Data extracted from a collection:

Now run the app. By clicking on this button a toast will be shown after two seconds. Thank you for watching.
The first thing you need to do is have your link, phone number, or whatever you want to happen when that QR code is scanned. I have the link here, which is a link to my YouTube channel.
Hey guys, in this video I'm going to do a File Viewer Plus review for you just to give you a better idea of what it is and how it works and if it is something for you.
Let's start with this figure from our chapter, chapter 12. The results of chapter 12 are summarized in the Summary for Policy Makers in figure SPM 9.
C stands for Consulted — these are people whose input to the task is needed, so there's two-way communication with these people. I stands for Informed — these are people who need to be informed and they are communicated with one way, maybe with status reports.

==

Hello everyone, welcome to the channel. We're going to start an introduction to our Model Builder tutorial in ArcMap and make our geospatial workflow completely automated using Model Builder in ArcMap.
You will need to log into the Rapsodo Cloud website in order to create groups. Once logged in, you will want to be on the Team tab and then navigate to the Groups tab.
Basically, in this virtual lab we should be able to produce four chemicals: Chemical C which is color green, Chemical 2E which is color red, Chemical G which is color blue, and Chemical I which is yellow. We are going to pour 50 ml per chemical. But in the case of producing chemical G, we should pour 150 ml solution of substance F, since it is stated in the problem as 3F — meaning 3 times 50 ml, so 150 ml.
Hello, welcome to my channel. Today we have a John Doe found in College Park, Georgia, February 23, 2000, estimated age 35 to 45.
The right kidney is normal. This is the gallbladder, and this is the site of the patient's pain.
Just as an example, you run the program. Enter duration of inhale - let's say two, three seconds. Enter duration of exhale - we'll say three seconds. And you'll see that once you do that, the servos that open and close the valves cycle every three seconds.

▶ **Task item**
Find the word "with" in the records and pull out each line that has it.

▶ **Response**
Let's start with this figure from our chapter, chapter 12. The results of chapter 12 are summarized in the Summary for Policy Makers in figure SPM 9.
C stands for Consulted — these are people whose input to the task is needed, so there's two-way communication with these people. I stands for Informed — these are people who need to be informed and they are communicated with one way, maybe with status reports.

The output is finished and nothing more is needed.